Keir Starmer has resisted pressure from rivals to publish all of his donors ahead of the Labour leadership election.
The frontrunner insisted he was sticking by party rules, which require donations to be declared through Parliamentary authorities.
But other candidates in the race to succeed Jeremy Corbyn say they have gone further – voluntarily publishing what they say are full donor lists on their websites.
Rebecca Long-Bailey and her allies have called for greater transparency from Mr Starmer, with shadow minister Jon Trickett suggesting the delays were "anti-democratic".
Mr Starmer criticised "this line of attack" when repeatedly pressed to reveal all of his donors during an interview for The Andrew Neil Show on the BBC.
"How can you say I'm hiding behind process when it's the Labour party process," Sir Keir said, when pressed on who his five biggest donors are.
"I've got a compliance team in place who are checking every donation is in accordance with the rules," he said.
"Once they've done that they pass it to the Parliamentary authorities for them to publish it. So two lots have gone up, another lot is with the Parliamentary authorities as of today, I'm following the rules."
While not saying who his biggest donors are, he did, however, say that the biggest donation he has received was £100,000 from fellow lawyer Robert Latham, which was published on Parliament's register of interests on Tuesday.
Asked if she thinks Sir Keir is hiding something, Ms Long-Bailey said that "I hope not".
"But I think it's fair to expect all leadership candidates to be transparent, come under scrutiny, because we will do as leader of the party and indeed as prime minister, so we should be as open as possible to show where our donations come from," she added.
"It's important to do that because there's always an assumption that you don't get something for nothing in this world and those who donate to your campaign will expect to be repaid in some way in the future."
Ms Long-Bailey was subjected to her own grilling by the veteran journalist, during which she declined to revise her 10/10 rating of Mr Corbyn, saying "it's not Top Trumps".
The shadow business secretary insisted she is not the "continuity Corbyn" candidate which some cast her as, dismissing claims she is the outgoing leader in a different wrapper.
"It's not the same old chocolate Corbyn bar," she said, before being grilled on the anti-Semitism that has blighted the Labour Party.
She admitted regretting not directly challenging a member at a recent event in Liverpool who claimed "members of the Israeli lobby" including Jewish Labour MP Dame Margaret Hodge had the greatest responsibility for preventing Mr Corbyn from becoming prime minister.

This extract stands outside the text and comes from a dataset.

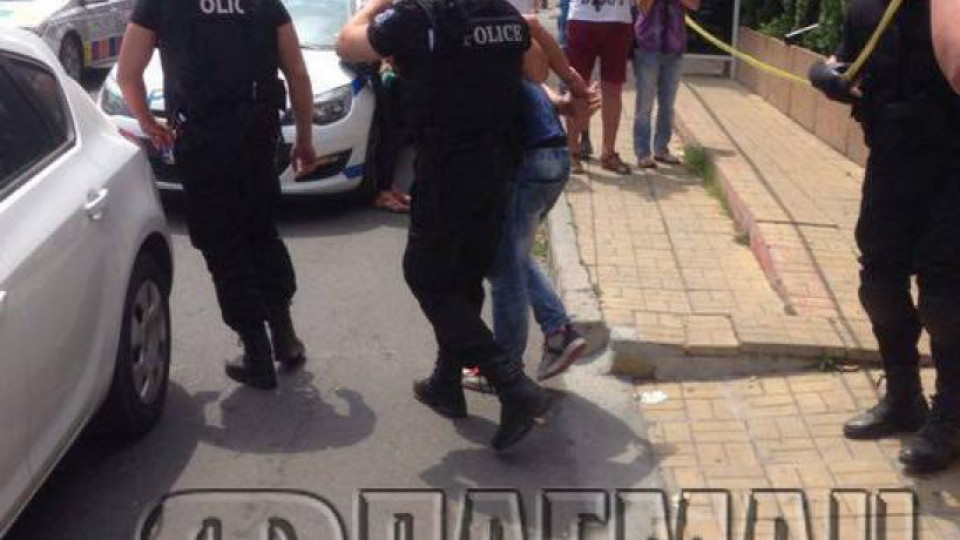 Зрелищни арести в Бургас на възстановката за Очите | StandartNews.com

"In my response I thought at the time that I had been implicit in explaining why this particular gentleman was wrong but with retrospect I should've called that out directly because it was anti-Semitic," she said.
"I should have challenged that specific element of that gentleman's contribution directly and I wish I had done that because it was an anti-Semitic statement to make."
Sir Keir continued to decline directly criticising Mr Corbyn, who led Labour to its worst general election defeat since 1935 but is still revered by some members who will choose the next leader.
But he did not deny that he was "appalled by the awfulness" of the outgoing leader, as has been claimed by Labour peer Lord Falconer.
And Sir Keir said it was "utter nonsense" that he had undermined Mr Corbyn by not towing the leader's line when he said he would campaign to remain in any further EU referendum.
The final leadership contender, Lisa Nandy, subjected herself to Mr Neil's scrutiny in January.
Members and supporters began receiving ballots on February 24.
Voting closes two days before the new leader is announced on April 4.